Dataset content →
>>>>

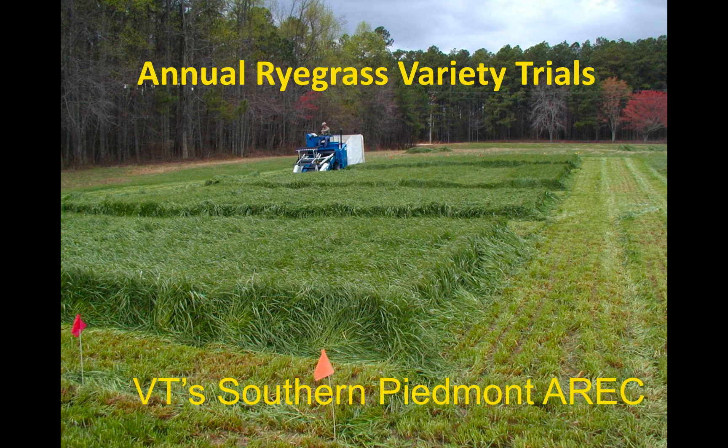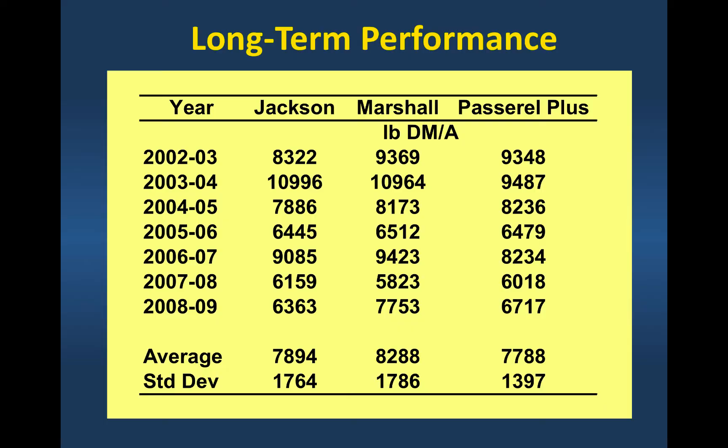We had a dairy outside of Blackstone that would use this as a silage — they would chop in the spring as a one-cut silage system and come in with corn after it. Their crude protein in their silage was routinely 16% crude protein in the spring. So highly digestible, even in conserved forage.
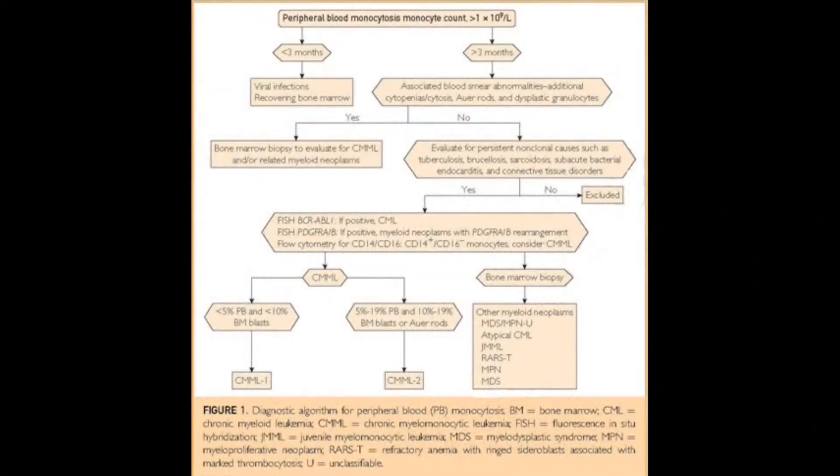And more importantly, what are the algorithms that we follow here in managing these patients? How do we treat their issues? And when do we do allogeneic stem cell transplants?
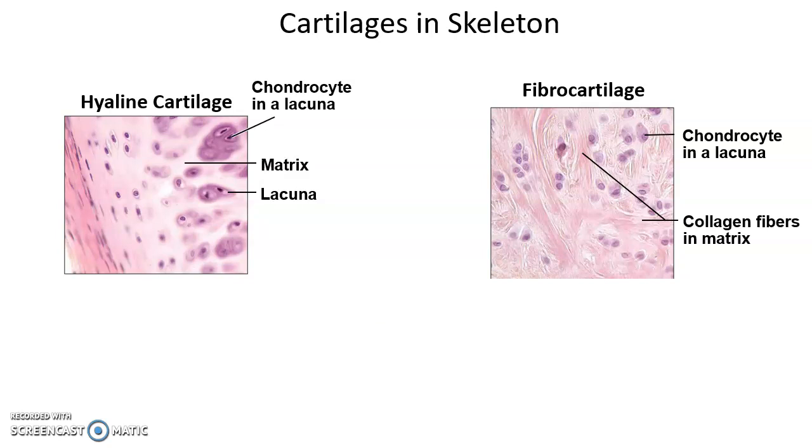Hyaline and fibrocartilage are also important in our skeleton. Cartilage has little pockets called lacunae. Within the pockets are the cells — the chondrocytes. The material surrounding the lacunae is the matrix, which can include collagen fibers to help give the cartilage strength.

<<<<

Problem to work on → Exactly the lines from the line with "And more importantly, what" through the last line of the listing, both included, should be extracted, and the pictures left behind.

Solution for this task →
And more importantly, what are the algorithms that we follow here in managing these patients? How do we treat their issues? And when do we do allogeneic stem cell transplants?
Hyaline and fibrocartilage are also important in our skeleton. Cartilage has little pockets called lacunae. Within the pockets are the cells — the chondrocytes. The material surrounding the lacunae is the matrix, which can include collagen fibers to help give the cartilage strength.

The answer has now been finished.